A vereadora Luiza Ribeiro (PT) esteve presente no ato em prol de justiça para a jornalista Vanessa Ricarte, vítima de feminicídio, realizado na tarde desta quinta-feira (12), na frente do Fórum de Campo Grande. O crime, cometido há exatamente um ano, ainda não teve uma resolução concreta e segue em processo na Justiça.
Caio César Nascimento Pereira, ex-noivo e responsável pelo feminicídio da jornalista, passou por audiência no dia 9 de março de 2026, com a oitiva de uma vítima e o interrogatório do réu.
O processo está em andamento na 1ª Vara do Tribunal do Júri, conforme esclareceu o juiz titular, Carlos Alberto Garcete.
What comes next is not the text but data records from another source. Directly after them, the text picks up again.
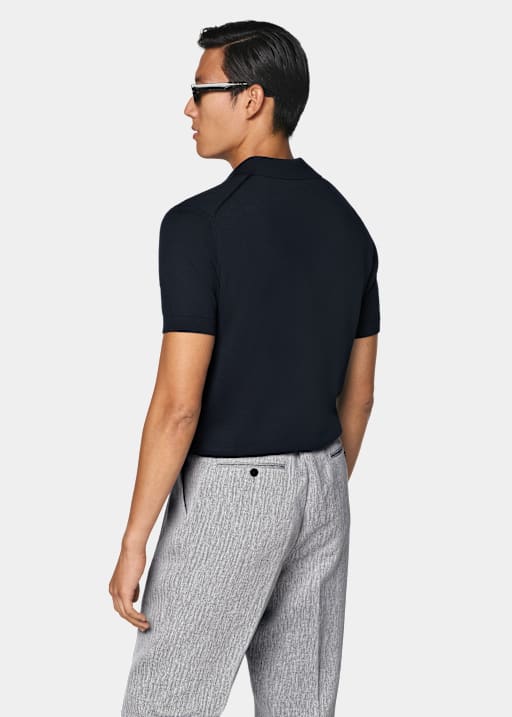 Navy Buttonless Polo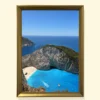 print fotografic de artă Navagio cu ramă aurie
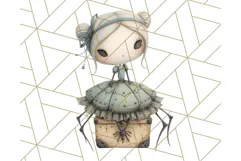 Creepy Dolls Clipart PNG Haunted Toy Characters Product Image 3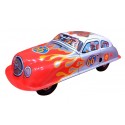Saint John - Hot Racer Car - Collectible Retro Wind Up Tin Toy - Red Silver White - Tin Toys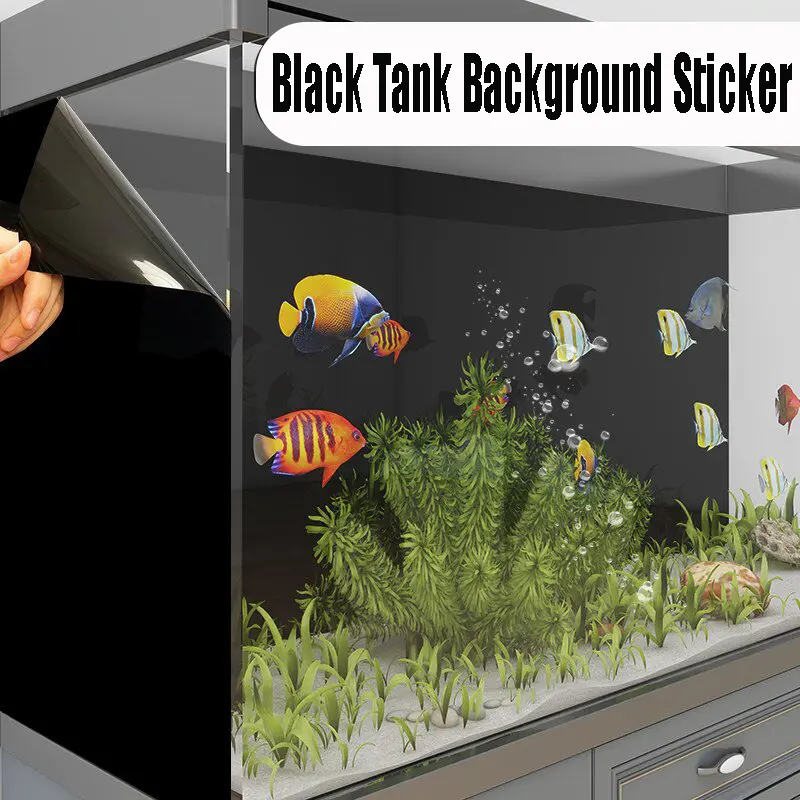 Aquarium Background Static Cling Black Fish Tank Background Wallpaper Fish Tank Backdrop Vinyl Aquarium Poster Background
Desde fevereiro de 2025, o processo teria passado por diversas etapas, previstas em lei, como apresentação de defesa, realização de audiências e análise de pedidos feitos pelas partes. Ao longo desse período, foram interpostos vários recursos, o que acabou prolongando a tramitação do processo.
“A gente quer saber da condenação desse criminoso que assassinou a Vanessa. Queremos justiça, proteção de verdade, queremos o estado brasileiro em todas as suas instâncias comprometidas com a vida das mulheres”, discursou.
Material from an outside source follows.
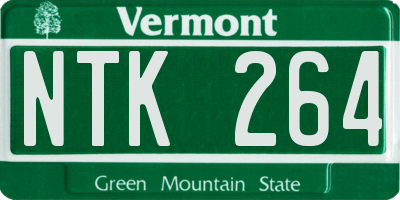 VT license plate NTK264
Ribeiro ainda criticou a prefeita Adriane Lopes (PP), que cortou verbas para ações em prol das mulheres na Capital.
“Em Campo Grande, lutamos e conseguimos uma Secretaria Municipal das Mulheres, e o que aconteceu? Virou subsecretaria, depois Secretaria Executiva e este ano, a prefeita levou para a câmara um orçamento que cortou a metade das verbas destinadas às políticas para as mulheres”.
A vereadora ainda reforçou a demora pela Justiça. “Queremos que esse processo termine o mais rapidamente possível, mas a gente quer justiça concreta para a vida das mulheres e para isso é preciso se rebelar, falar grosso e alto, quebrar portas. Não dá mais para levar a luta das mulheres com meio-termo, nós estamos diante de um quadro que lesa o direito das mulheres”.
A senadora Soraya Thronicke (Podemos), também estava na manifestação e reforçou que a luta das mulheres acontece todo dia, relembrando das 39 vítimas de feminicídio registradas em 2025 em Mato Grosso do Sul. Thronicke ainda reforçou que toda mulher está sujeita a sofrer algum tipo de assédio ou violência, apenas pelo fato de ser mulher.
“Se fizermos uma pesquisa, veríamos que a maioria das mulheres já sofreu assédio. A morte é a última etapa. Um exemplo é do homem que entrou em uma universidade e matou a professora; eles não tinham nenhuma ligação, ele fez isso por não gostar de mulheres”, destacou.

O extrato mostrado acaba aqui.